Showing Suite is web-based software that real estate agents, brokers, and home sellers use to automate the showing feedback process and schedule showing appointments. Located in San Diego, California, Showing Suite was incorporated in 2001 under the name HomeFeedback by founders Rick Bengson and Alan Shafran. Currently, Showing Suite is active in the United States and Canada.

Showing Suite has produced a suite of software for real estate professionals including HomeFeedback, Home Followup, Showing Sync, Showing Calendar, Foreclosure Feedback.

History
Prior to starting Showing Suite, Founder and CEO Rick Bengson was president of RealPro Real Estate Consultants Inc. He earned his bachelor’s degree in computer science from Northern Illinois University. Following his undergraduate studies, Rick attended the Thomas Jefferson School of Law.
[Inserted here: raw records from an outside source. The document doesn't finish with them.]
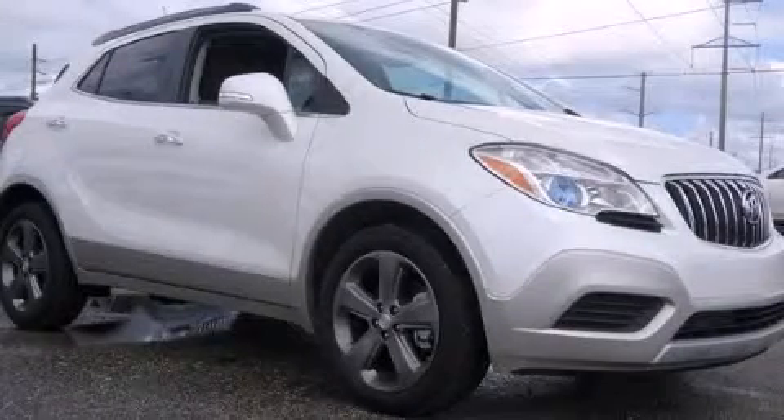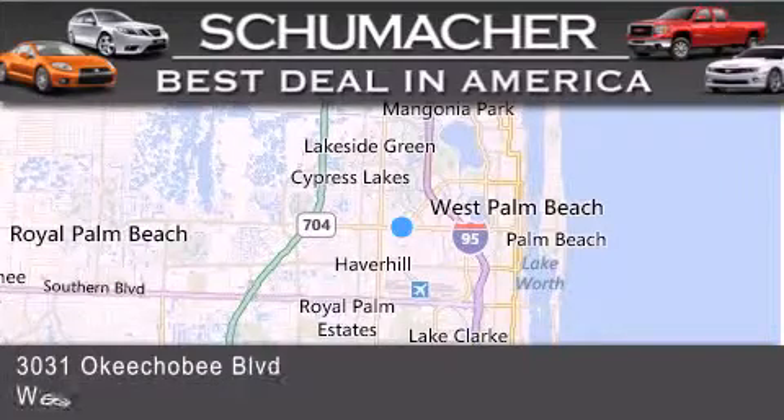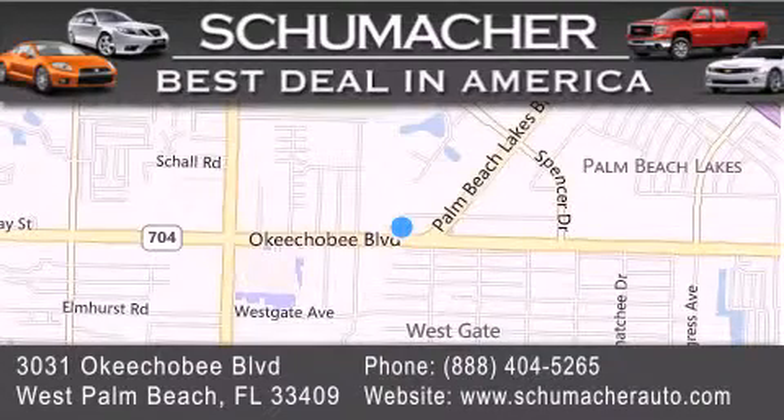Please call us today for more information on this great vehicle. Thank you for considering Schumacher Auto Group for your next luxury vehicle. If you have any questions, please visit our website, give us a call, or stop by our dealership located at 3031 Okeechobee Boulevard in West Palm Beach.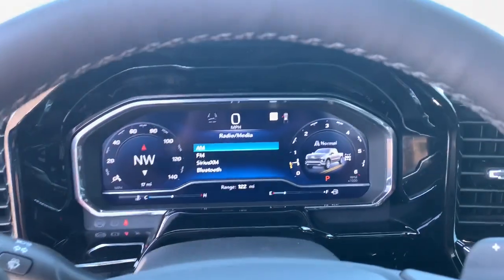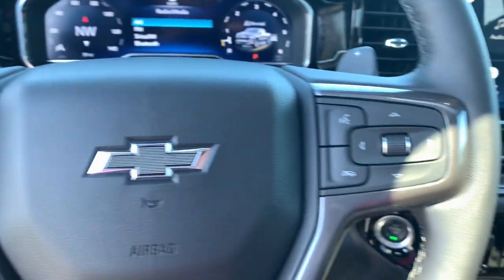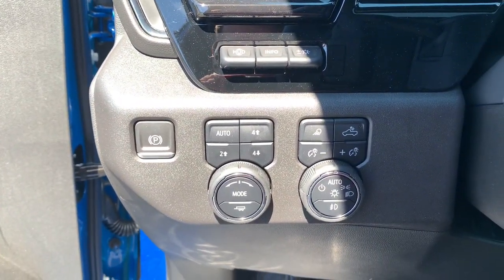Sun moonroof, keyless entry, heated driver's seat, power passenger seat, fog lamps, adaptive cruise control, heated rear seat, power driver's seat, heated front seat, leather wrapped steering wheel.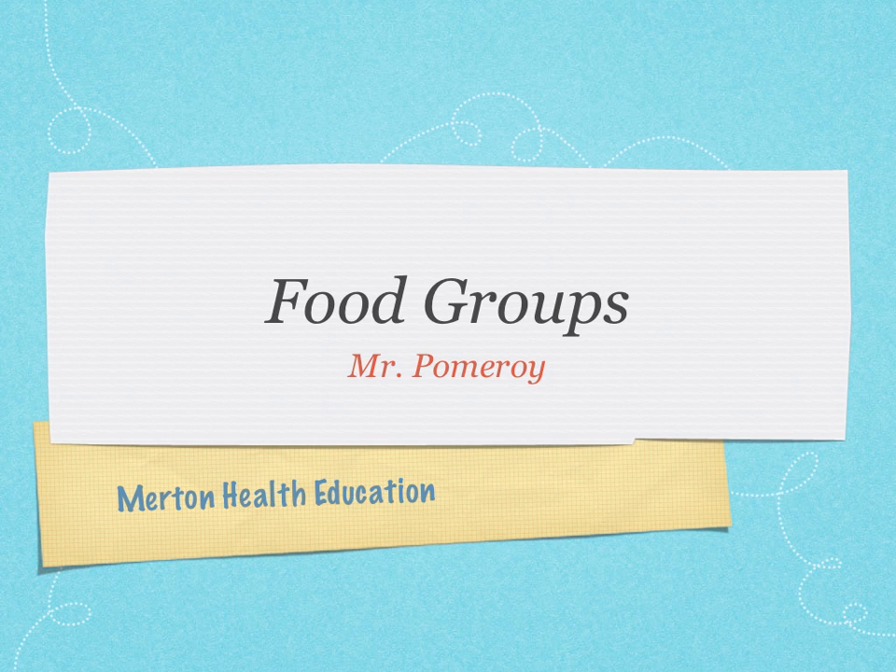These are the food groups — important stuff for us to get ready for next class. Thanks for listening. Bye.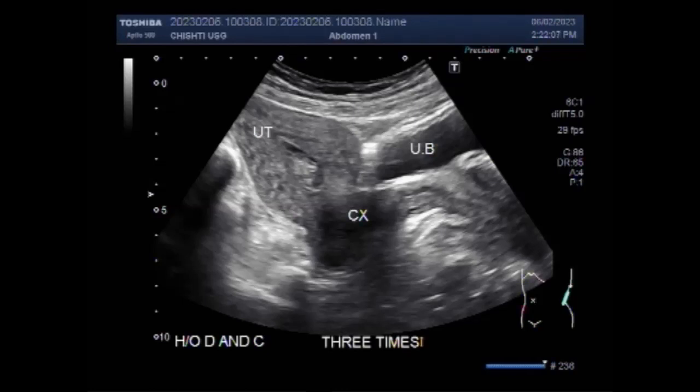Dilatation and curettage, the treatment of choice for RPOC, carries a risk of serious complications including uterine bleeding, perforation, infection, adhesions, and infertility.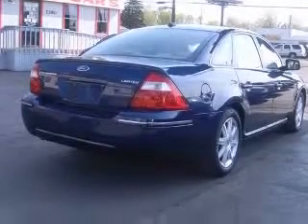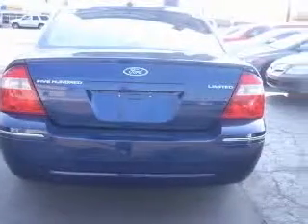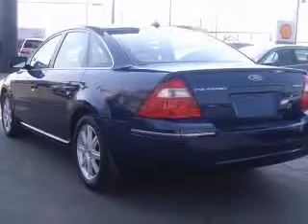4-wheel ABS brakes, 8-way power adjustable driver seat, air conditioning with dual zone climate control, audio controls on steering wheel,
Co-founder and president Alan Shafran also currently heads The Alan Shafran Group, a team of Prudential real estate agents in San Diego. Previously, Shafran worked for the investment company, PaineWebber.

Shafran and Bengson wrote and published their book, Blueprint For 100 Deals, which was released in June 2011.

Showing Suite was acquired by ShowingTime in January 2017.

Partners
Showing Suite and electronic lockbox provider SentriLock integrated systems in November 2010.
Showing Suite's other direct partners are Keller Williams Realty, Exit Realty, Assist2Sell, and Realty Executives.